Still, it all began to follow its earlier course for a time afterwards, with Harrison escaping once from a position which had a suspicion of offside about it before being halted in his tracks only by a superb tackle by Garrett.

Yet, with two minutes of the half left, it was nearly 2-0.

This was the best raid of the half, and all in two moves. George McKnight opened it, as he had opened so many other raids, with a perfect low pass down the centre.

Mortensen chased it, fast as a greyhound, outpaced Bycroft, and as he was passing the centre-half, shot a ball that hit the top of the bar and bounced high over,

Blackpool went to the dressing- room with McIntosh limping badly, one arm draped over Mortensen’s shoulder. The Rovers should never have been losing at half-time.

Half-time: Blackpool 1, Doncaster Rovers 0.

SECOND HALF

Willie McIntosh still had a limp, but not as pronounced, when the teams reappeared.

Blackpool, in the opening minutes, played football which the front line had seldom approached before the interval.

The ‘‘two M’s” were in the first raid which had a lot of class about it. Mortensen took a pass from Matthews, steered it out to the wing again and left his partner to cut inside and to shoot a ball which hit Hainsworth as the full-back galloped pellmell into its path.

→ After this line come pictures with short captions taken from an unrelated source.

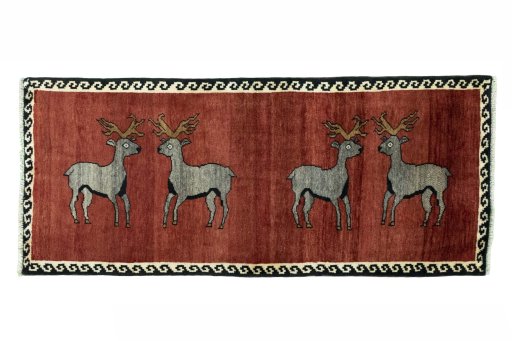 Full view of 2000s Persian Gabbeh rug from Iran / Persia, 171 × 74 cm in Red tones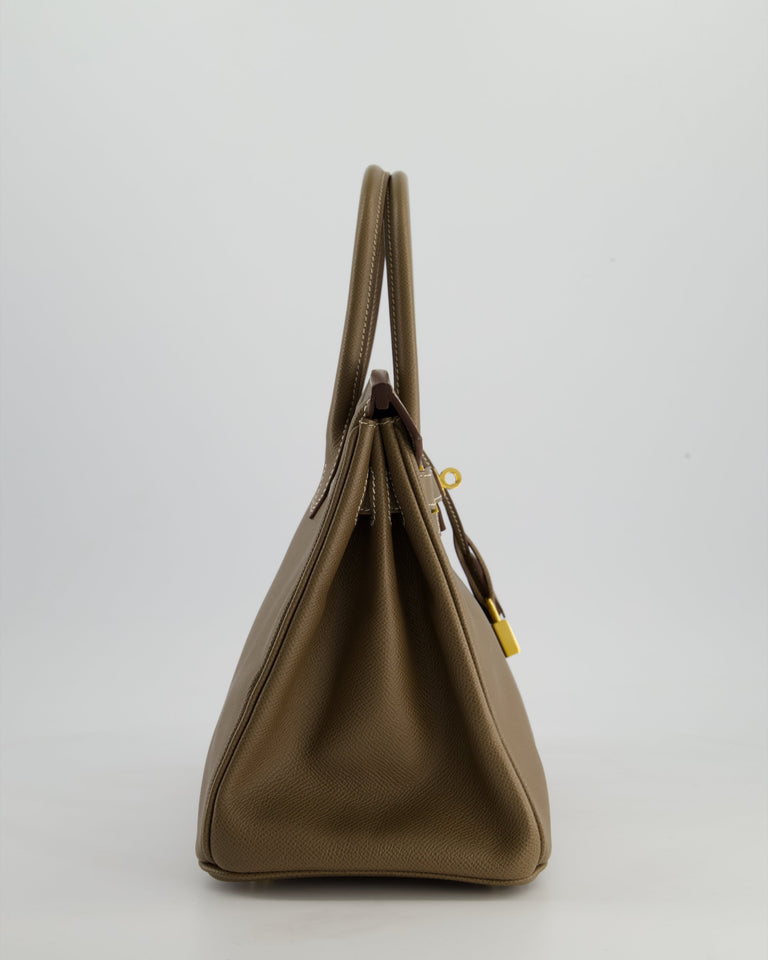 *FIRE PRICE* Hermes Birkin 30 Retourne Bag in Etoupe Epsom Leather with Gold Hardware
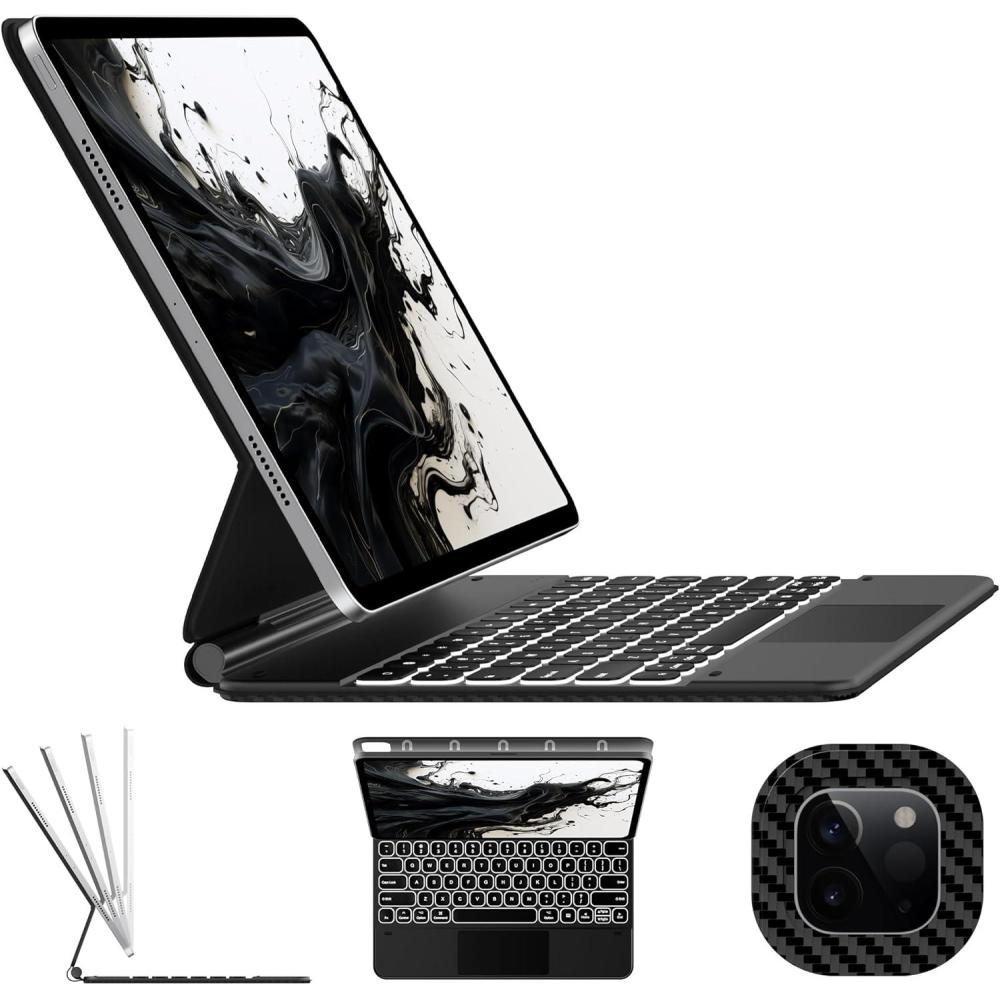 image:imagetypecase Keyboard Case for 2024 iPad Air 13 and iPad Pro 129 6th 5th 4th 3rd GenMagic Keyboard for iPad Pro 129 EasySet Magnetic Stand MultiTouch Trackpad 11 Colors BacklightCarbon Fiber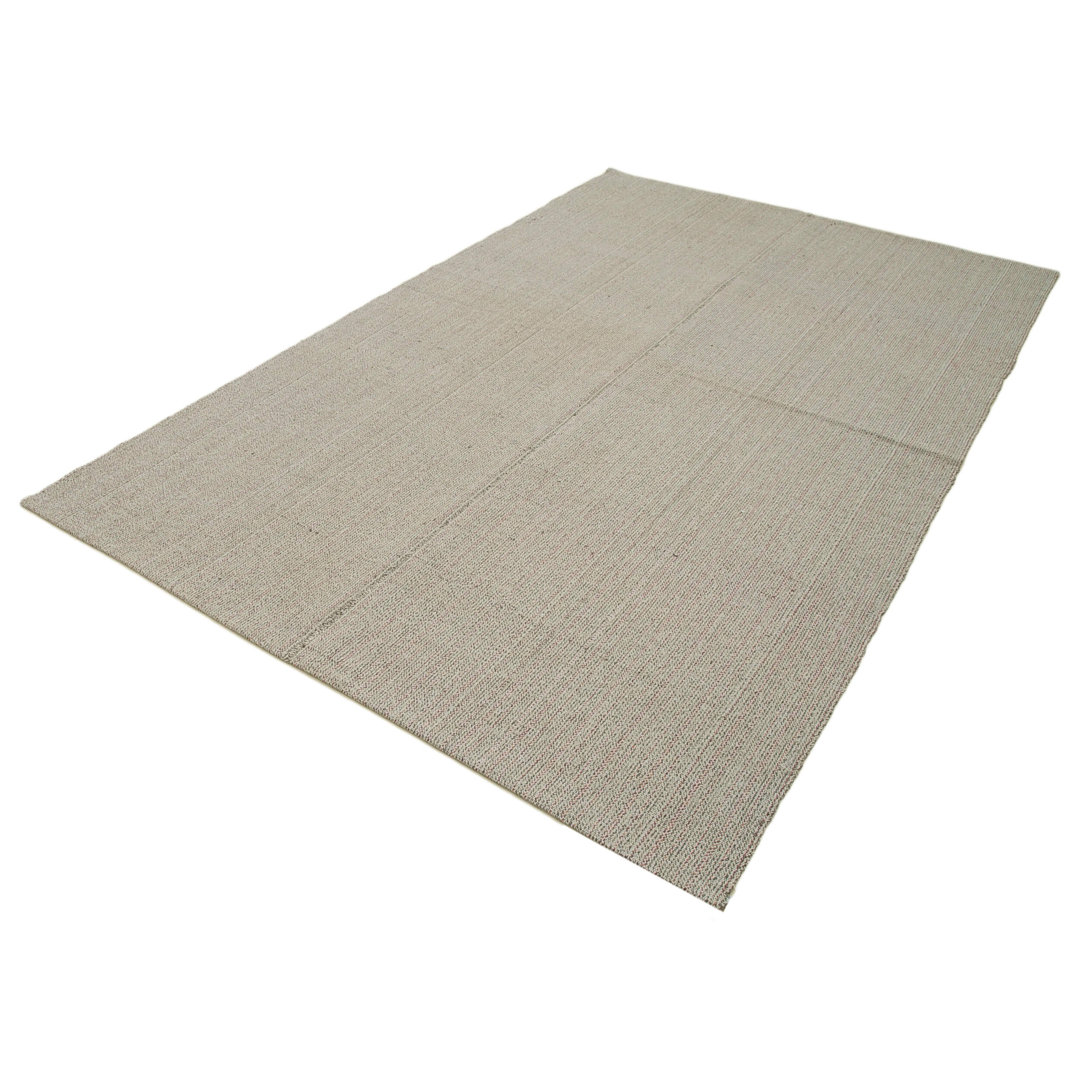 Vintage Flatweave Grey Vintage Wool Handmade Area Rug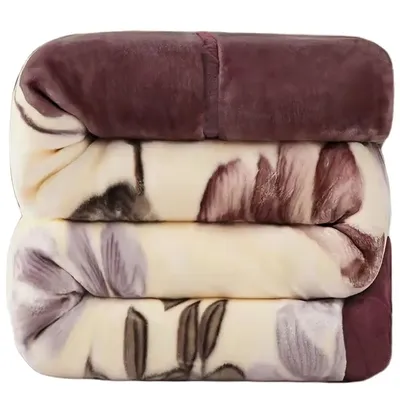 Double Layer Winter Thick Raschel Mink Weighted Blanket For Double Bed Soft Warm Heavy Fluffy Rose Flower Throw Blankets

Still it required a great tackle by Hayward out on one wing and another by Kelly on the other to put the brake on the Doncaster front line.

In another raid by the Rovers Tindill lashed the ball wide excitedly when a definite chance had been made for him.

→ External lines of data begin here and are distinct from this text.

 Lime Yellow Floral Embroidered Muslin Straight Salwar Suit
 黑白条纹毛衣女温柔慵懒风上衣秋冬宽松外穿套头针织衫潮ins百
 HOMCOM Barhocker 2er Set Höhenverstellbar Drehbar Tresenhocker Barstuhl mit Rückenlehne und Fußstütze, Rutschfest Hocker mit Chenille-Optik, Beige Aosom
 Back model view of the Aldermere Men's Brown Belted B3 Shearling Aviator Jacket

Immediately, however, Matthews gave McIntosh a perfect position, and with a desperate tackle Bycroft brought the forward to his knees a yard outside the penalty area.

BIG LEAP

The free-kick by Matthews menaced the Rovers’ goal, and was cleared only in an acrobatic leap by Hardwick as the ball was flying away in front of him.

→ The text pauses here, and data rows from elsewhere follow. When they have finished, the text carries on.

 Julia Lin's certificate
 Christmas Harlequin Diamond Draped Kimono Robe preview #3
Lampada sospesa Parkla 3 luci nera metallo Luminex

Within the next three minutes either goal might have fallen.

In the first move Doherty took a pass, swerved away from Kelly, hooked the ball over the wing half’s head, and shot a ball which Farm held superbly.

In the next minute Blackpool raided on the left, and Wardle, taking his partner's perfect pass in an open space, shot a ball which Hardwick punched out brilliantly as he fell full length almost on to the near post,

Another minute, and Harrison, chasng a Doherty pass, reached shotting range and shot - shot so fast that Farm seemed to be almost in mid-air as he reached and clutched the ball before tumbling head over heels.

GOAL No. 2

McKnight scores, leaps with joy

That was in the 13th minute of the half.

In the 15th minute Blackpool were 2-0 in front. It was a goal which completed for George McKnight a match which in its first hour had been a triumph for him.

Two centres had raked the Rovers’ goal and been repelled when a loose ball came to this attacking wing-half.

McKNIGHT moved a yard to it, shot it, and leaped high in the air in joy as the ball apparently deflected by the pack of men who jumped at it, sailed far away out of the reach of the unsighted and stationary Hardwick.

That was the second time in the match that a goalkeeper who had never committed one error all the afternoon had been fated to watch a ball pass him as he stood powerless watching it.

Within a minute Farm had made an amazing clearance as Tindill shot in a ball slow but bouncing all the time away from a goalkeeper, who reached it with a sideways leap which would have graced a star acrobat.

STILL FIGHTING

These Rovers were refusing even now, two goals in arrears, to call it a day, were still raiding often and revealing football of real quality.

Yet it was significant that even in fewer raids, and even with McIntosh limping out to the left wing, Blackpool repeatedly had the Rovers’ defence in a tangle nearly every time the two. forces clashed Slater, in one off these raids, headed down Matthews’ centre almost studiously past Hardwiek. who reached it only with another of those flying dives in which both goalkeepers were specialising.

The Rovers were all out for a goal whatever the cost. Winning one corner, they had eight men almost inside the penalty box.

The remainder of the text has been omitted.